- The economy is negatively affecting DEI efforts, according to a majority of tech executives surveyed for a July 11 report from publishing company Wiley.
- The survey, which polled 1,000 Gen Z workers and more than 300 senior tech executives, found that while 86% of business leaders think their DEI approaches are effective, nearly 60% still have trouble keeping talent from historically underrepresented groups. Among the Gen Z respondents, nearly 70% said they have felt uncomfortable at work because of their gender, race, ethnicity, socio-economic background, neurodevelopmental condition or disability — an increase of 20 points from the results of last year’s study.

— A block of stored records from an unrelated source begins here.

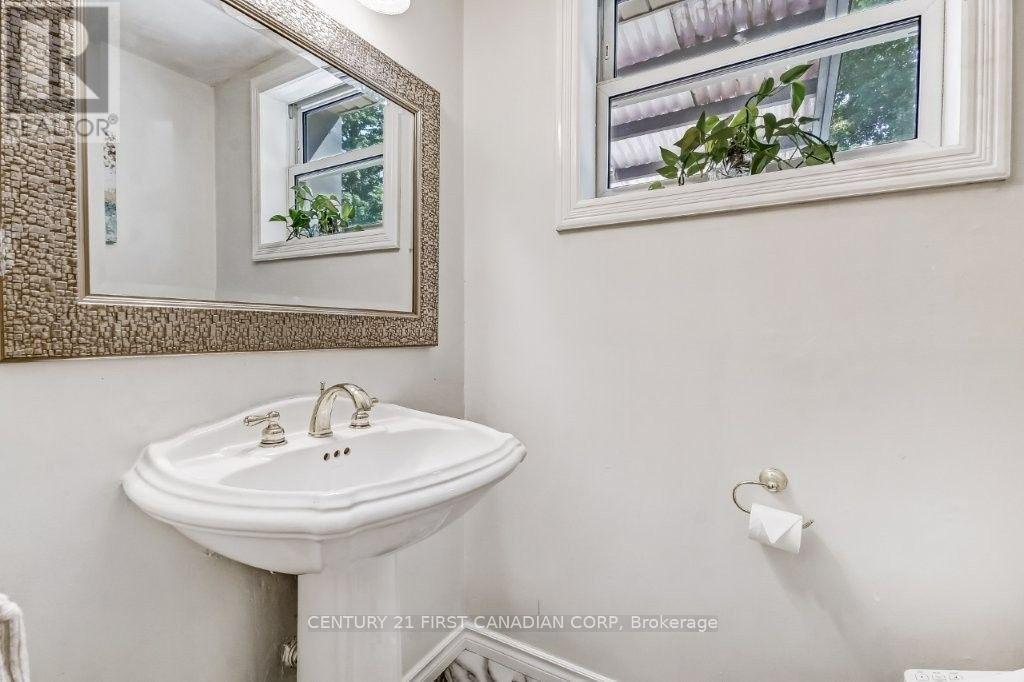 42 Portal Court Property Photo 7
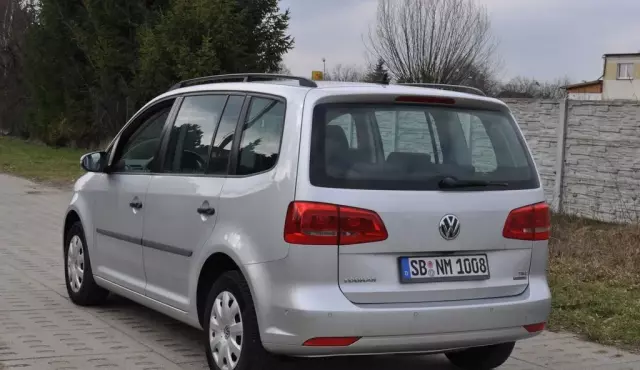 VOLKSWAGEN Touran 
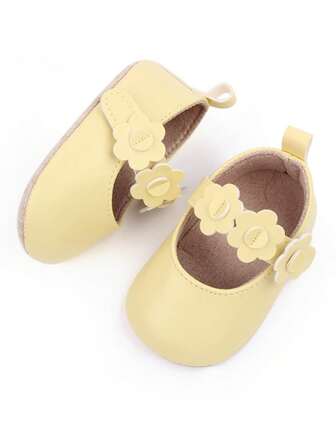 伊布布黄色婴儿平底公主鞋，女婴公主鞋，可爱小花图案，软底防滑功能，新生儿平底公主鞋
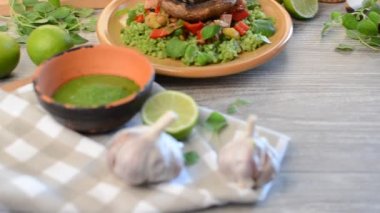 Kireç, kırmızı biber, yeşil daldırma soslu ızgara domuz eti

- “Despite the uncertainty in the market today, businesses would be wise to prioritize and expand efforts to diversify their tech teams and create more inclusive workplaces,” Todd Zipper, executive vice president and general manager at Wiley, said in a news release. “Diversity fosters innovation and opportunity. It’s especially important to provide a more level playing field for entry-level tech roles, widening the aperture of access to qualified candidates of all backgrounds.”
Diversity efforts have taken a hit as the economy slashes corporate budgets and political headwinds threaten inclusion efforts.
Stakeholders told HR Dive the U.S. Supreme Court’s June decision holding that admission programs at Harvard College and the University of North Carolina at Chapel Hill were unconstitutional could dampen employers’ DEI efforts.
Ineffective or nonexistent DEI efforts also can hurt a company’s retention, according to a June report from Deloitte. One-third of LGBTQ+ workers surveyed said they were actively looking for a new job with a more LGBTQ+ inclusive company.